Under the Private Securities Litigation Reform Act of 1995
 
Statements in this document that are not historical, including but not limited to those regarding the consummation of the proposed transaction between Stanley and Black & Decker and the realization of synergies in connection therewith, are “forward looking statements” and, as such, are subject to risk and uncertainty.
 
Stanley’s and Black & Decker’s ability to deliver the results as described above is based on current expectations and involves inherent risks and uncertainties, including factors listed below and other factors that could delay, divert, or change any of them, and could cause actual outcomes and results to differ materially from current expectations.
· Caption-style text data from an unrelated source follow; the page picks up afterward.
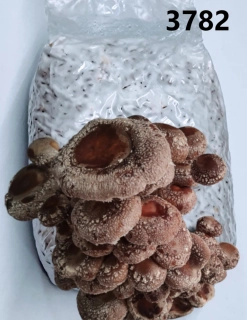 Shiitake (Lentinula Edodes - 3782)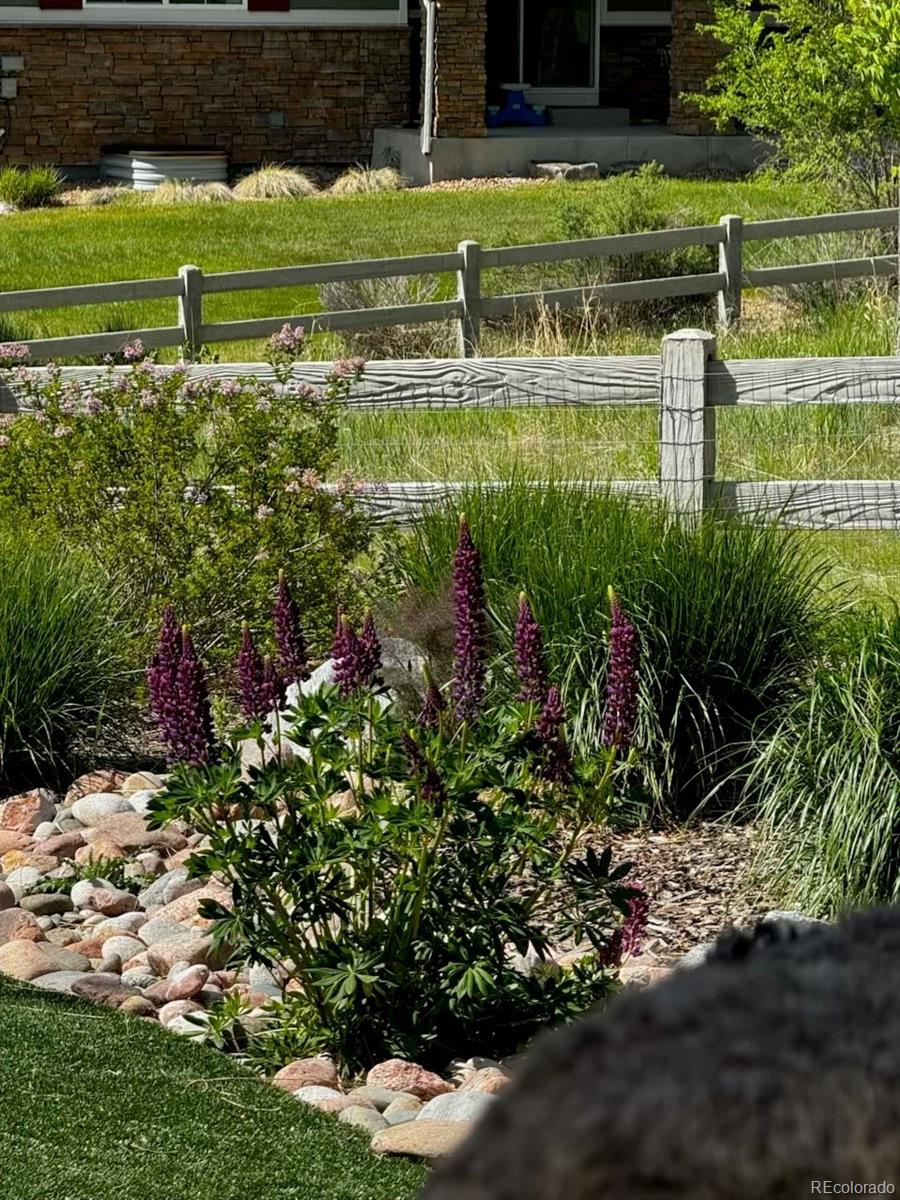 MLS Image #43 for 10526  fairhurst way,highlands ranch, Colorado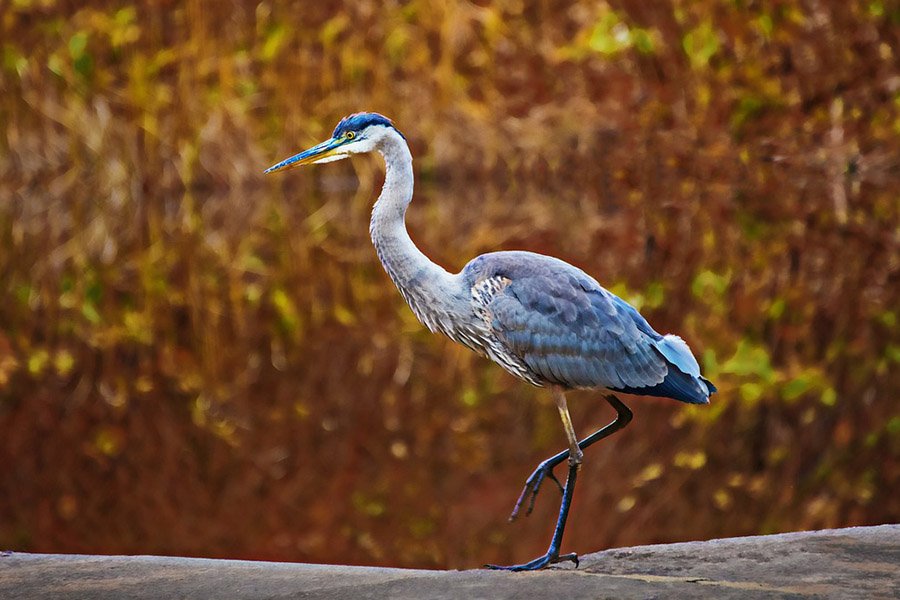 Blue and White Animals - Great Blue Heron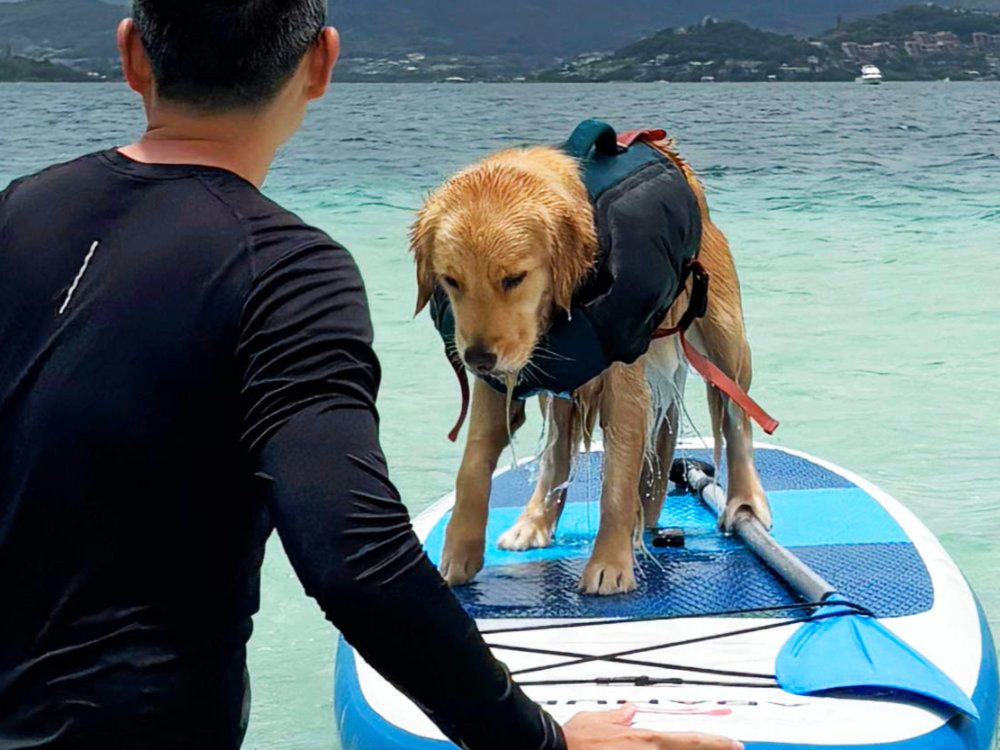 Hawaii dog friendly adventures 6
In addition to the risks, uncertainties and other factors discussed in this document, the risks, uncertainties and other factors that could cause or contribute to actual results differing materially from those expressed or implied in the forward looking statements include, without limitation, those set forth in the “Risk Factors” section, the “Legal Proceedings” section, the “Management’s Discussion and Analysis of Financial Condition and Results of Operations” section and other sections of Stanley’s and Black & Decker’s Annual Reports on Form 10-K and any material changes thereto set forth in any subsequent Quarterly Reports on Form 10-Q, those contained in Stanley’s and Black & Decker’s other filings with the Securities and Exchange Commission, and those set forth below.
 
These factors include but are not limited to the risk that regulatory and stockholder approvals of the transaction are not obtained on the proposed terms and schedule; the future business operations of Stanley or Black & Decker will not be successful; the risk that the proposed transaction between Stanley and Black & Decker will not be consummated; the risk that Stanley and Black & Decker will not realize any or all of the anticipated benefits from the transaction; the risk that cost synergy, customer retention and revenue expansion goals for the transaction will not be met and that disruptions from the transaction will harm relationships with customers, employees and suppliers; the risk that unexpected costs will be incurred; the outcome of litigation (including with respect to the transaction) and regulatory proceedings to which Stanley or Black & Decker may be a party; pricing pressure and other changes within competitive markets; the continued consolidation of customers particularly in consumer channels; inventory management pressures on Stanley’s and Black & Decker’s customers; the impact the tightened credit markets may have on Stanley or Black & Decker or customers or suppliers; the extent to which Stanley or Black & Decker has to write off accounts receivable or assets or experiences supply chain disruptions in connection with bankruptcy filings by customers or suppliers; increasing competition; changes in laws, regulations and policies that affect Stanley or Black & Decker, including but not limited to trade, monetary, tax and fiscal policies and laws; the timing and extent of any inflation or deflation in 2009 and beyond; currency exchange fluctuations; the impact of dollar/foreign currency exchange and interest rates on the competitiveness of products and Stanley’s and Black & Decker’s debt programs; the strength of the U.S. and European economies; the extent to which world-wide markets associated with homebuilding and remodeling continue to deteriorate; the impact of events that cause or may cause disruption in Stanley’s or Black & Decker’s manufacturing, distribution and sales networks such as war, terrorist activities, and political unrest; and recessionary or expansive trends in the economies of the world in which Stanley or Black & Decker operates, including but not limited to the extent and duration of the current recession in the US economy.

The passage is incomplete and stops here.